I’ve decided to try a different, and somewhat controversial, approach. I’m testing a challenge/response email service that virtually guarantees that no spam will get through. Here’s how it works:
Let’s say you send me an email from a new email address. Your email address will be checked against my address list, and since we’re talking about a new email address, there will not be a match. In this case you will immediately receive a “challenge/response” email and your original email will go to a special “pending” folder. Once you “respond” to the challenge/response email, your email address is added to my address list and your original email appears in my inbox. Since spam is almost always computer generated, it will not respond appropriately to the challenge email (and may not even receive it), so no spam gets through. I’ve been testing it on one of my email accounts now for a week and no spam has gotten through.

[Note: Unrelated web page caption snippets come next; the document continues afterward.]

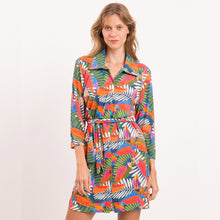 Charger l'image dans la galerie, Gallery: Rio De Sol Chemise Jungle Chemise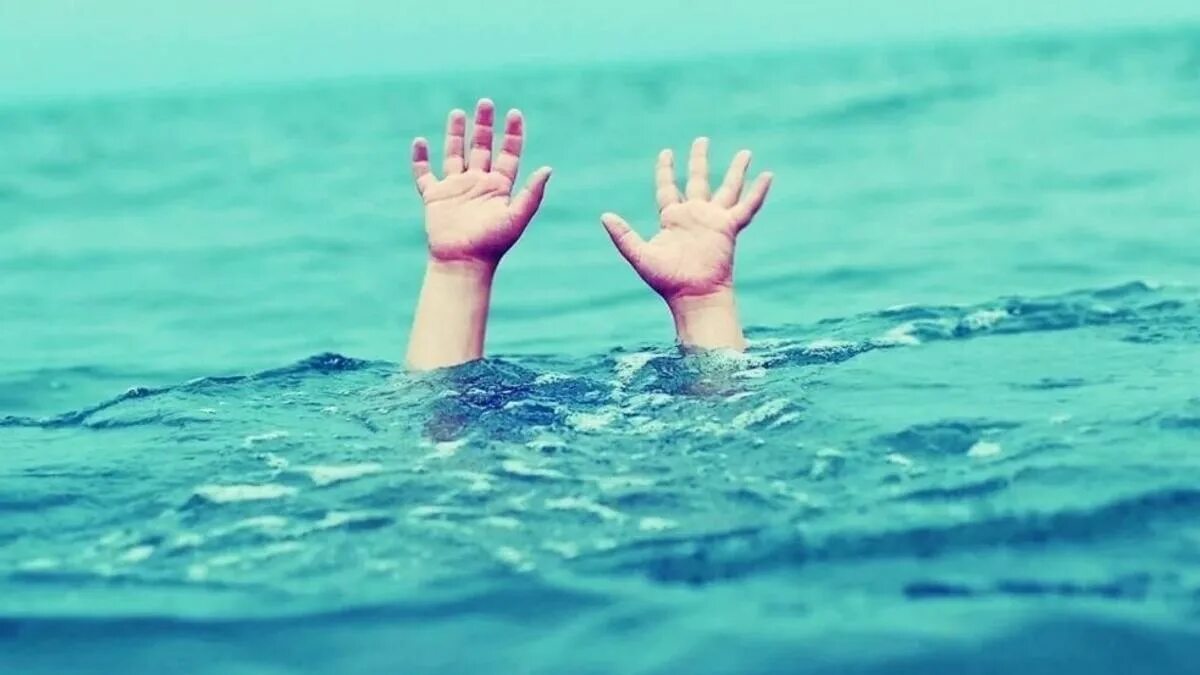 Постучи в воде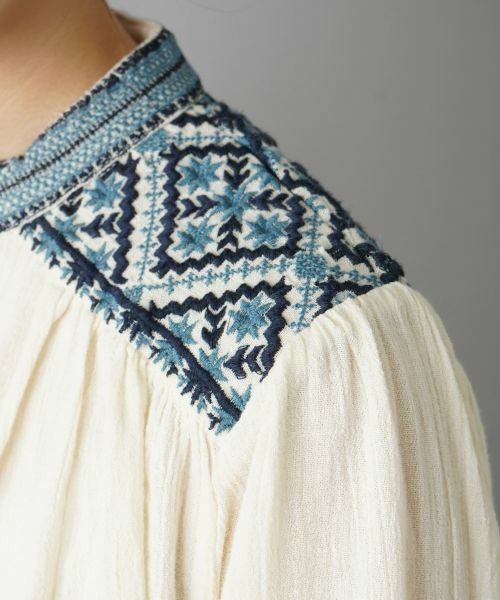 NEMIKA / ネミカ シャツ・ブラウス | ブラウス | 詳細15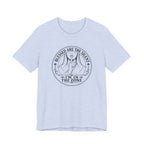 Blessed are the Silent - I'm in the Zone (Crafter's Tee)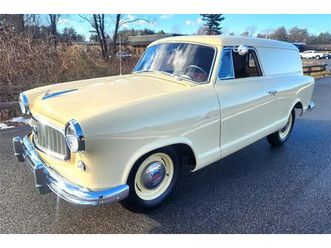 1959 rambler american handyman panel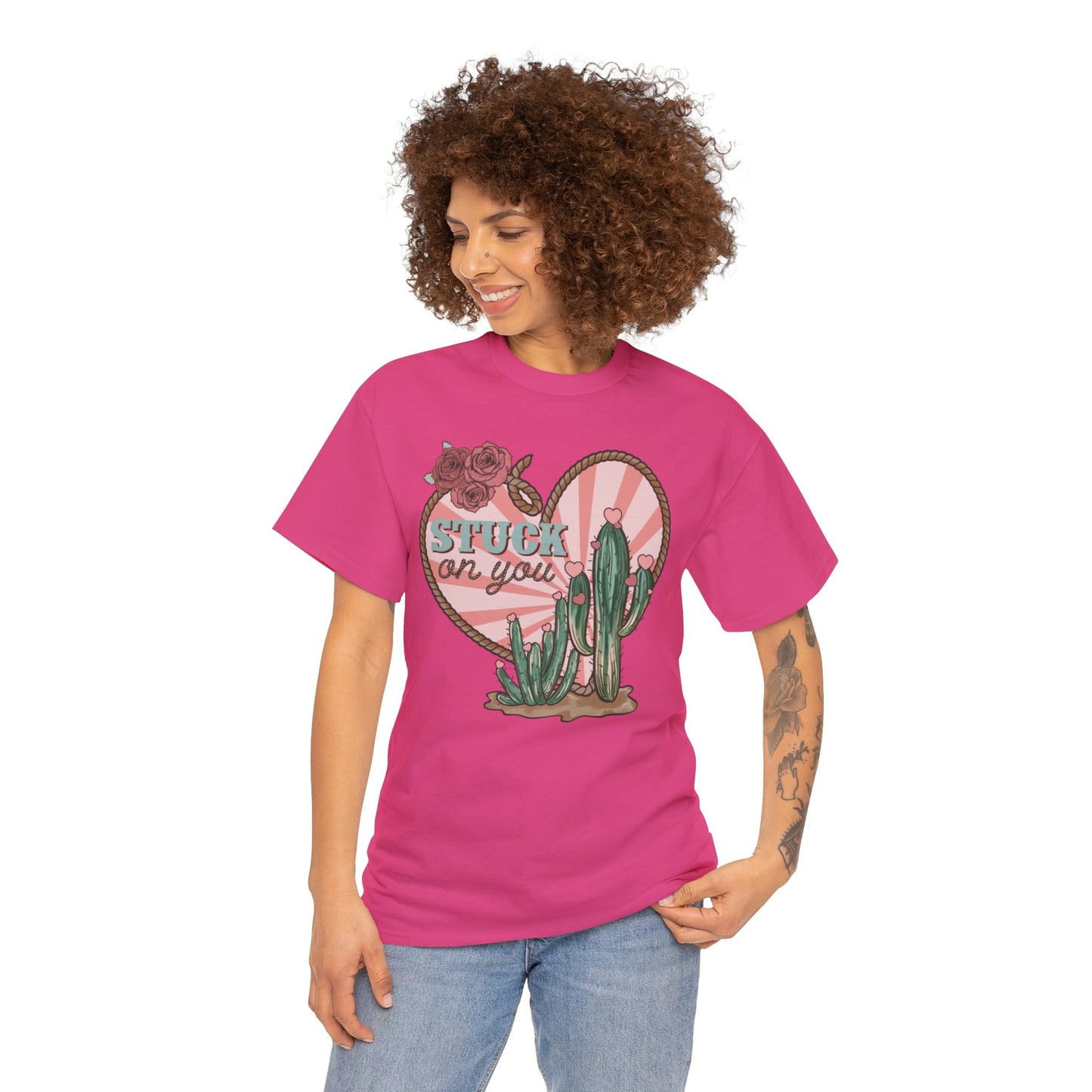 Heavy Cotton Tee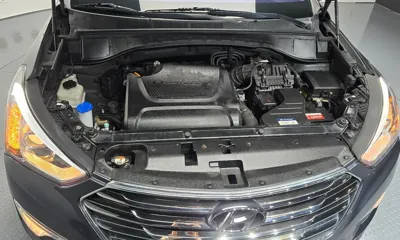 Hyundai Maxcruz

Sounds perfect, right? So why do I say it’s controversial. There are several reasons. First the person sending the email might be offended because the system basically begins with the assumption that email from an unconfirmed email address is spam. Personally, with all the attention spam has gotten recently, I don’t think this is such a big deal, especially since the challenge email is nicely worded.
Another issue is that the sender may send the original email and then shut down their email program thinking all is well. It may be a day or two before they check again and find that they received a challenge email immediately after sending their original email. That means there will have been a delay in getting the email sent out. This is to me the most serious flaw in the concept.
Finally the challenge/response method causes a small increase in email traffic. I frankly discount this argument completely. After all, only the first legitimate email gets challenged, and it’s a very small email. The total bandwidth used is negligible.
I do not like them in a box.
I do not like them with a fox.
I do not like them in a house.
I do not like them with a mouse.
I do not like them here or there.
I do not like them anywhere.
I do not like green eggs and spam.
I do not like them, Sam-I-am.
Because I find spam so distasteful (not the kind you eat of course), I’m willing to give this a try. Other steps I’ve taken are to unsubscribe to opt-in and routine emails from legitimate businesses (never “unsubscribe” to spam from unknown or less legitimate sources since that often serves to alert them that your email address is an active one), and I work hard not to post my email address anywhere on the web since there are email bots that will crawl the web looking for email addresses to add to their spam lists. On my Yahoo address I use their spam blocking service, which works reasonably well. It does let spam through and occasionally blocks legitimate email.
So what do you think? Does the method I’m testing sound reasonable to you? Are you doing something else that is particularly effective? Or do you have questions about this post or spam in general? Let me know! At some point I’ll post an update of my experience with my challenge/response test.